# Storm Damage from last night (picture heavy)



## baseball_guy_99 (Apr 20, 2011)

We got hit pretty hard last night by the storm that ripped through Southern Illinois. It has not been confirmed yet but we believe it was a tornado. It sounded like a freight train comin! 

Here are some pics that I snapped. I also have a couple of videos that I will upload to youtube and put the links in here. 

The garage is our neighbors. We found insulation about 1/2 mile away and tin from the roof about 500yrds down in a ditch.

Luckily no one was hurt!


----------



## dyeguy1212 (Apr 20, 2011)

Man that is intense... I can't believe that pontoon and the sheet metal wrapped around the tree.

Glad to hear everyone was safe.


----------



## KMixson (Apr 20, 2011)

At least you still have your house. Glad to see that. I hope it all works out for you. This weather has been brutal for the past year. Good Luck.


----------



## redbug (Apr 20, 2011)

what part of the state? how far from marion? i wonder if my cabin has any damage


----------



## baseball_guy_99 (Apr 20, 2011)

About 45mins northwest of Marion.

Carbondale got some pretty strong winds and did a little bit of damage.


----------



## redbug (Apr 20, 2011)

thanks i remember that storm from a few years ago they had 100+ winds that did unreal damage to the area
glad no one was hurt


----------



## bulldog (Apr 20, 2011)

Sucks man.
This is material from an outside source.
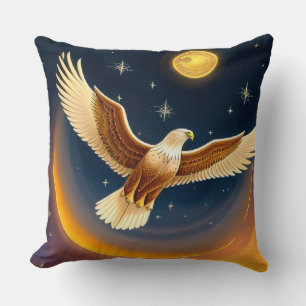 Golden Eagle Under Crescent Moon Throw Pillow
Glad you are alright.


----------



## arkansasnative (Apr 20, 2011)

glad yall are ok! we had some pretty rough weather last night too... 3 tornadoes in the area. spent most of the night in my neighbors basement wishing i had some food! lol


----------



## fish devil (Apr 20, 2011)

Some real scary stuff. Seems like we've been having crazy weather all over the US in the past few years.


----------



## Waterwings (Apr 20, 2011)

This weather sucks! Glad to hear everyone is okay. We dodged the bullet (tornado) here in my area, but did get straight-line winds around 65-70 mph, and torrential rains. Got up this morning and scoped-out the roof finding I'd lost some shingles again. Thunderstorms forecast for the next few days here.


----------



## BassGeek54 (Apr 20, 2011)

Sorry to to hear and see all of that. Very glad to hear you guys are OK though


----------



## Hanr3 (Apr 20, 2011)

Glad noone got hurt.

We got a new record amount of rain/hail yesterday. 1.88"


----------



## Truckmechanic (Apr 21, 2011)

Glad your okay!! Will send prayers for people of your area.


----------



## baseball_guy_99 (Apr 21, 2011)

Thanks for all your thoughts and prayers guys. We got all of the tin from the neighbors roof picked up. We got all the insulation we could get picked up. 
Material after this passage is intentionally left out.